→ RECORDS SHOWN:
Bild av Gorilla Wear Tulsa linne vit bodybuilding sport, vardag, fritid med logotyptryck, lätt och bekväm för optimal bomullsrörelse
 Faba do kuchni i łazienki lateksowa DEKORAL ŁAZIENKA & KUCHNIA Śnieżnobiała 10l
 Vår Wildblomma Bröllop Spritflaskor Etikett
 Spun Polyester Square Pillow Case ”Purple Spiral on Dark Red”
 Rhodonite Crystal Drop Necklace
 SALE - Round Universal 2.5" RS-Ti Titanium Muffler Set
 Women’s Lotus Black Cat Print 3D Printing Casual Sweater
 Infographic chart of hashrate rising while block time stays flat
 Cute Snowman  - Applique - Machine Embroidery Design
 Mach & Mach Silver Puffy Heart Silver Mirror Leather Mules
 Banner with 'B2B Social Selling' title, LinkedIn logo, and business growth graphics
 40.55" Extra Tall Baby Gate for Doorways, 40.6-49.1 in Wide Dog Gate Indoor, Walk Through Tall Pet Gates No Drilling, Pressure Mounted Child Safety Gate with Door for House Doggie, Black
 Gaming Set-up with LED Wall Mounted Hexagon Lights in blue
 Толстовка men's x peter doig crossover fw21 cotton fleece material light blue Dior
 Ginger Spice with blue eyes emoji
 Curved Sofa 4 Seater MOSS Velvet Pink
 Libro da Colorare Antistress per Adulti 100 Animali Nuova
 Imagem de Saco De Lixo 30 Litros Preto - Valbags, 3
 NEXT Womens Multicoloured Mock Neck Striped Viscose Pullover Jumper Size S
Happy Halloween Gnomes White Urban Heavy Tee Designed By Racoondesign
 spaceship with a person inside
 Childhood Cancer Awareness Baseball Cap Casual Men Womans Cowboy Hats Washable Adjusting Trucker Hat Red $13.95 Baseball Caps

→ DIRECTIONS FOR THIS TASK: All of the records above are to be repeated exactly.

→ TASK SOLUTION:
Bild av Gorilla Wear Tulsa linne vit bodybuilding sport, vardag, fritid med logotyptryck, lätt och bekväm för optimal bomullsrörelse
 Faba do kuchni i łazienki lateksowa DEKORAL ŁAZIENKA & KUCHNIA Śnieżnobiała 10l
 Vår Wildblomma Bröllop Spritflaskor Etikett
 Spun Polyester Square Pillow Case ”Purple Spiral on Dark Red”
 Rhodonite Crystal Drop Necklace
 SALE - Round Universal 2.5" RS-Ti Titanium Muffler Set
 Women’s Lotus Black Cat Print 3D Printing Casual Sweater
 Infographic chart of hashrate rising while block time stays flat
 Cute Snowman  - Applique - Machine Embroidery Design
 Mach & Mach Silver Puffy Heart Silver Mirror Leather Mules
 Banner with 'B2B Social Selling' title, LinkedIn logo, and business growth graphics
 40.55" Extra Tall Baby Gate for Doorways, 40.6-49.1 in Wide Dog Gate Indoor, Walk Through Tall Pet Gates No Drilling, Pressure Mounted Child Safety Gate with Door for House Doggie, Black
 Gaming Set-up with LED Wall Mounted Hexagon Lights in blue
 Толстовка men's x peter doig crossover fw21 cotton fleece material light blue Dior
 Ginger Spice with blue eyes emoji
 Curved Sofa 4 Seater MOSS Velvet Pink
 Libro da Colorare Antistress per Adulti 100 Animali Nuova
 Imagem de Saco De Lixo 30 Litros Preto - Valbags, 3
 NEXT Womens Multicoloured Mock Neck Striped Viscose Pullover Jumper Size S
Happy Halloween Gnomes White Urban Heavy Tee Designed By Racoondesign
 spaceship with a person inside
 Childhood Cancer Awareness Baseball Cap Casual Men Womans Cowboy Hats Washable Adjusting Trucker Hat Red $13.95 Baseball Caps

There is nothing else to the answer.